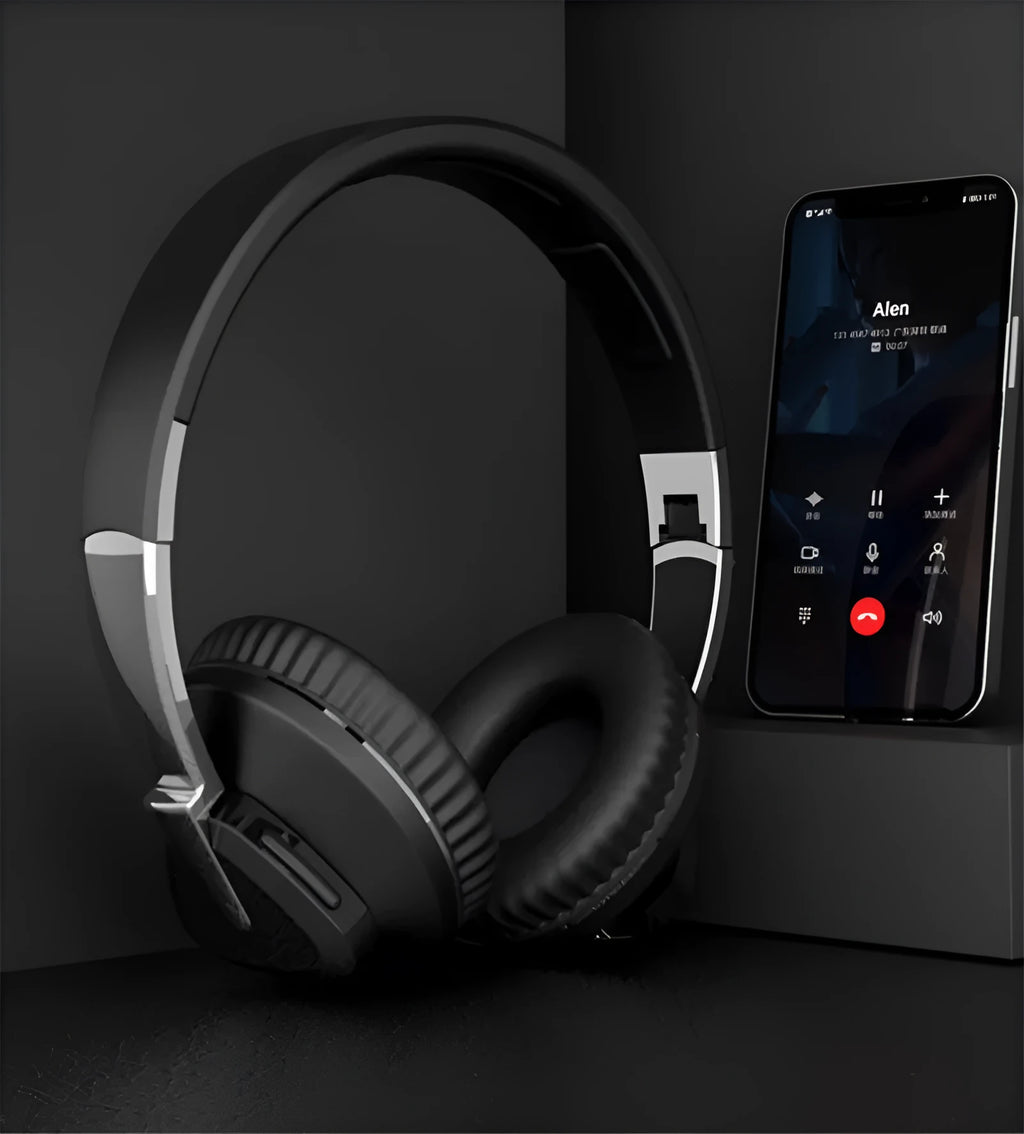 H3 Wireless Subwoofer All-Inclusive Headset in black, white, blue, and khaki colour options showing over-ear design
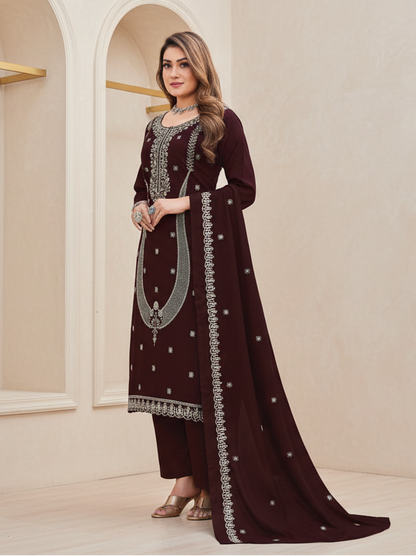 Premium Rayon Unstitched Dress Material With Worked Dupatta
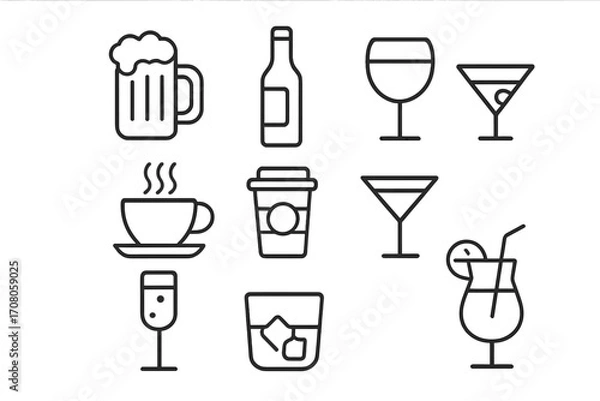 Fototapeta Beverage and drinks line icon set. Editable stroke vector symbols for bar menu, cafe, web, apps. Includes beer, wine, coffee, cocktail, whiskey, and champagne glass icons.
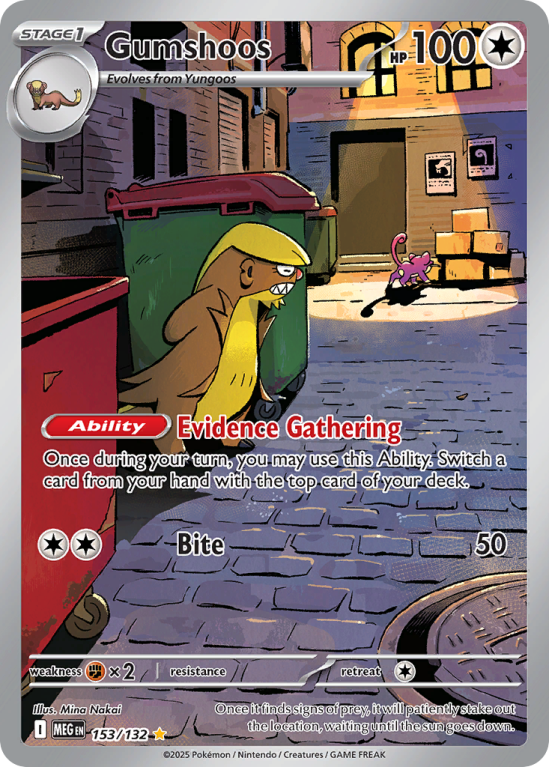 Pokémonkaart Gumshoos nummer 153/132 uit de set Mega Evolution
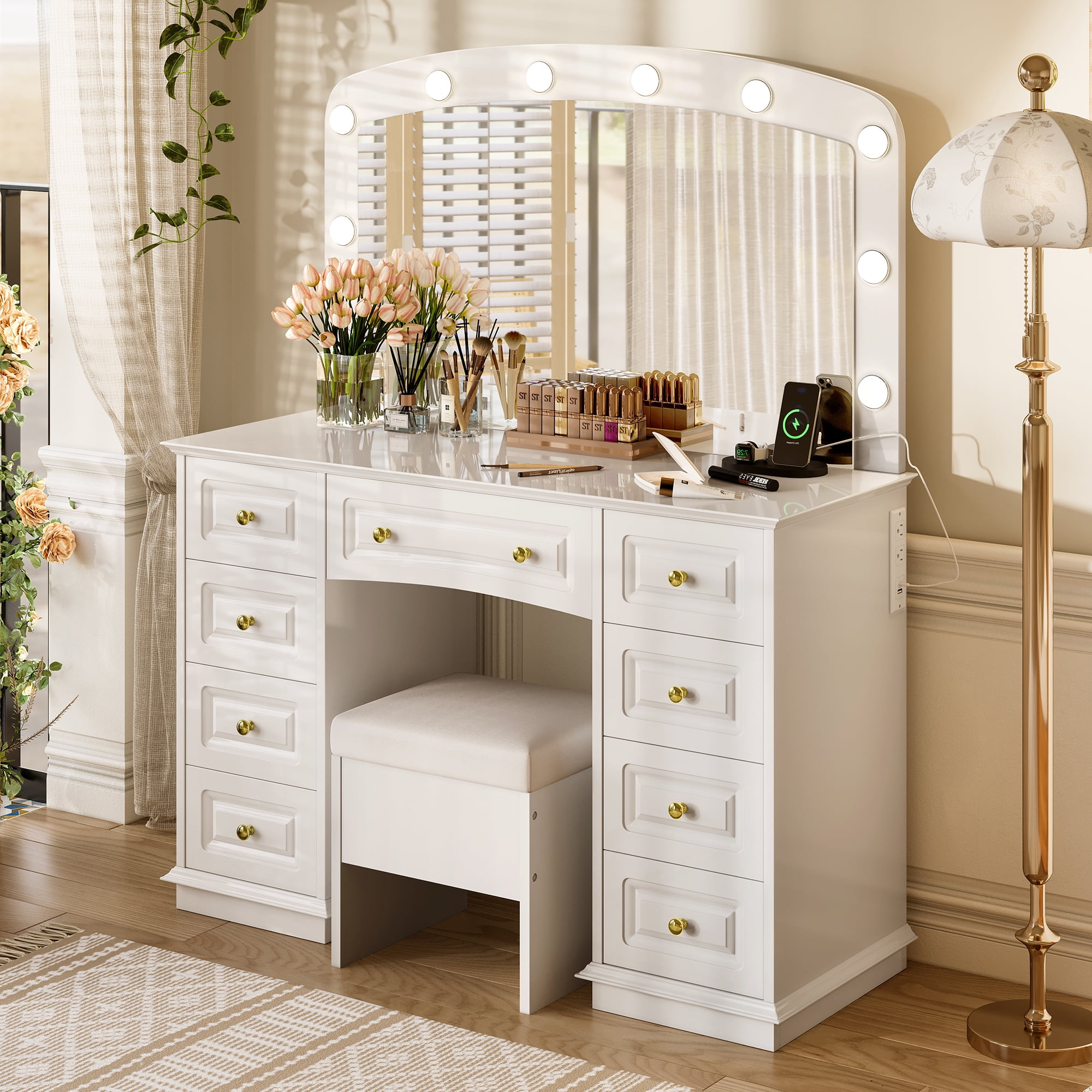 classic dressing table with mirror Classic Wood Vanity Desk with Flip Mirror, 3-in-1 Dressing Table with 2  Drawers and Storage Space for Bedroom - Bed Bath & Beyond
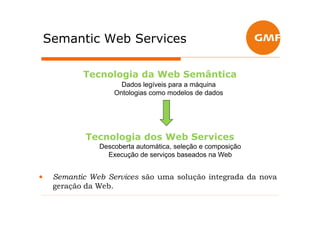 Semantic Web Services

            Tecnologia da Web Semântica
                      Dados legíveis para a máquina
                    Ontologias como modelos de dados




             Tecnologia dos Web Services
                Descoberta automática, seleção e composição
                  Execução de serviços baseados na Web


•    Semantic Web Services são uma solução integrada da nova
     geração da Web.
 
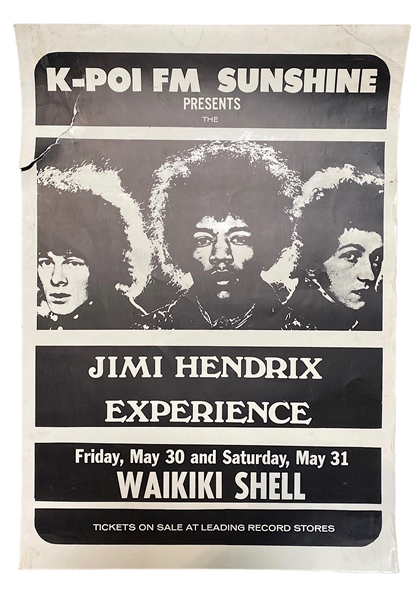 Jimi Hendrix Experience at Waikiki Shell, Hawaii 1969 Concert Poster 14"x20" 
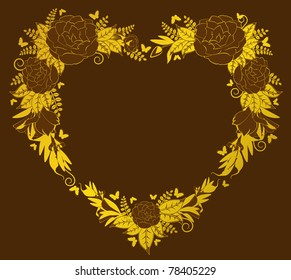 Heart from roses on background.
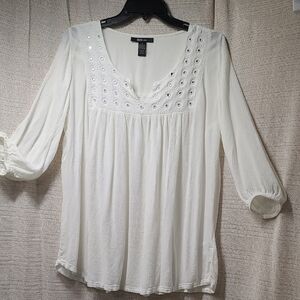 Style & Co White Smocked 3/4 Sleeve Blouse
______
### TASK INSTRUCTIONS
Go to the line that contains "Tecnologia dos Web Services" and copy it and every line after it through the end of the entries, exactly, without the pictures.

### RESPONSE TO THE EXERCISE
             Tecnologia dos Web Services
                Descoberta automática, seleção e composição
                  Execução de serviços baseados na Web


•    Semantic Web Services são uma solução integrada da nova
     geração da Web.
 
 Jimi Hendrix Experience at Waikiki Shell, Hawaii 1969 Concert Poster 14"x20" 
 Heart from roses on background.
 Style & Co White Smocked 3/4 Sleeve Blouse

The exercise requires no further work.